At present we have two general theses about language in the future. Firstly, though the languages we speak may be very different, the way we structure these languages lie in innate mechanisms that are likely to hold into the future. Secondly, we know that there is steady change in any language such that in 2000 years no language would look like those we speak today. The kind of change we will see probably relate to a decreased concern with grammar and formal structure and an increased attention to rapid and efficient communication of ideas.

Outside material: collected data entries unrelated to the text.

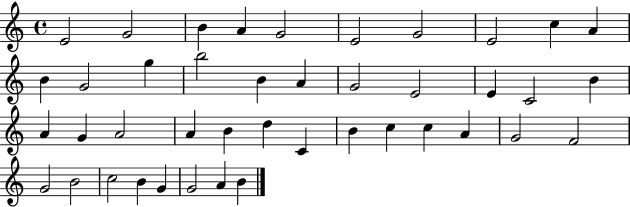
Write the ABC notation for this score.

X:1
T:Untitled
M:4/4
L:1/4
K:C
E2 G2 B A G2 E2 G2 E2 c A B G2 g b2 B A G2 E2 E C2 B A G A2 A B d C B c c A G2 F2 G2 B2 c2 B G G2 A B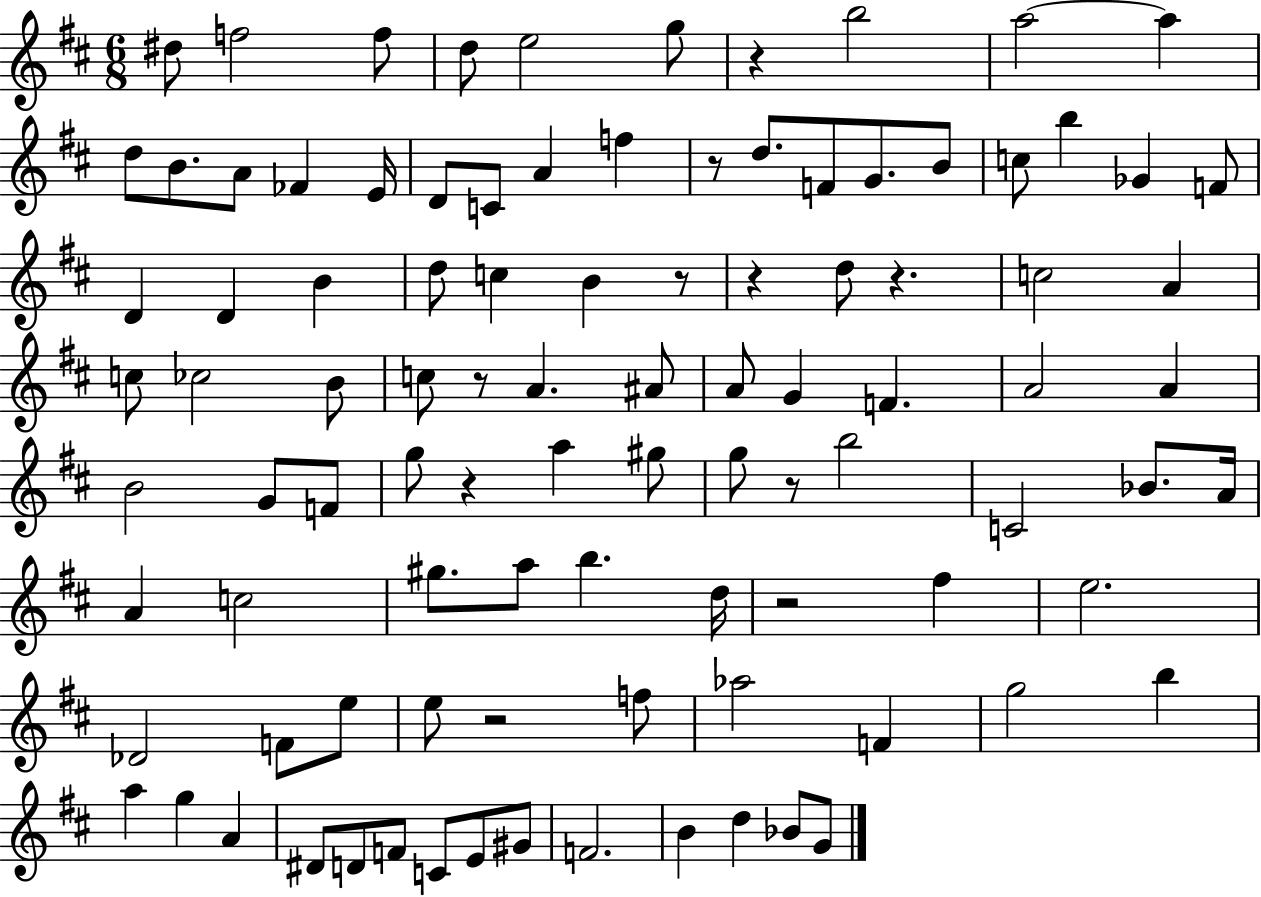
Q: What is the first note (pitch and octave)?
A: D#5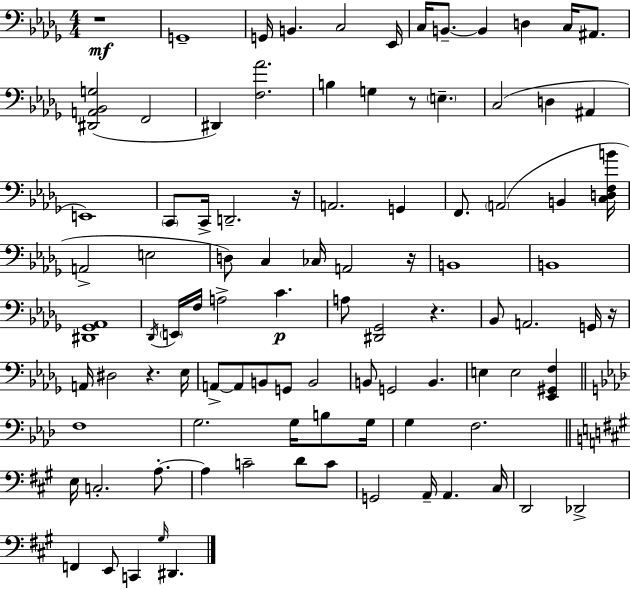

40,000-8000 – Linguistic and pictorial representation well-established
3000 – First writing: Sumerian cuneiform, passing to Akkadia and the Assyrians
2900 – Egyptian hieroglyphics
1350 – Chinese pictograms
1000 – Celtic Goedelic (Gaelic) languages spread to Western Britain from Spain and Portugal
800-700 – Origin of the Greek alphabet; Homer writes the Greek epic poems the Iliad and the Odyssey which become a national narrative
600 – Latin alphabet
449 – Germanic Angles and Saxons arrive in eastern Britain diplacing native Goedelic with Germanic Brythonic
323 – Greek koine used as language of administration in E Mediterranean
300 – Latin spreads from Italy to SW Europe
220 – Standardisation of written Chinese
100 – Standardisation of Latin
29 to 19 – Poet Virgil writes the Latin Aeneid which becomes a Roman national narrative

550 – Arabic alphabet
597 – Roman prelate Augustine arrives in Britain bringing from Pope Gregory the Christian faith and Latin (ignored after the departure of Roman soldiers) becomes first Archbishop of Canterbury
603-616 – Law of Ethelbert, the first Engish text written in the Latin alphabet
700 – Latin the administrative language in western Europe; Greek in the east
800 – Charlemagne (c.742-814) forms western empire uniting most of France, Germany and neighbouring countries and introduces education for the clergy based on classical Latin. He was king of the Franks and first Holy Roman Emperor uniting much of Western Europe after the collapse of the Roman empire
871 – King Alfred the Great begins the process of translating important Latin texts into English
879 – Standard written English based on West Saxon dialect
1000 – Japanese with Chinese kanji characters & syllabic scripts katakana and hiragana
1066 – Norman invasion of Britain with replacement of English for legal an administrative purposes by French and Latin
1350 – Italian written language. Nôm script in Vietnam
1390 – Geoffrey Chaucer’s Canterbury Tales launches an English literary tradition
1417 – Henry V changes from French to English in his correspondence
1450 – Korean hangul syllabic script
1476 – William Caxton’s printing office opens in London facilitating the transition from written dialect to standard English
1500-1700 – Gradual replacement of Latin as the official written language of international political relations. Rise of the nation-state, national languages and cultural traditions, periods of regional linguistic dominance in economics and politics as with French in the reign of Louis XIV (1638-1715)
1604 – Publication of the first English dictionary
1652 – Arrival of Dutch in Cape Town and initiation of Afrikaans
1815-1945 – British Empire establishes English in colonies across the world
1990 -> – English the leading international language following British Empire at its height in the early 20th century, and American political, economic, and cultural influence

Key points

Though old words disappear from language as new ones appear, language is nevertheless cumulative. New interests and academic disciplines bring with them their own technical terminology. The number of plant words available to a physician of the 17th century would be far fewer than today. We now have a vast shared technical terminology related to individual plant structures – from anatomy, to pollen structure, all aspects of the plant reproductive process, not to mention the proliferation of words describing plant chemistry, biochemistry, evolution, physiology, development and much more. This is one major reason why it is no longer possible to be a complete polymath – someone who is fully conversant with all academic disciplines: teh range and depth of knowledge is simply much greater than ever before.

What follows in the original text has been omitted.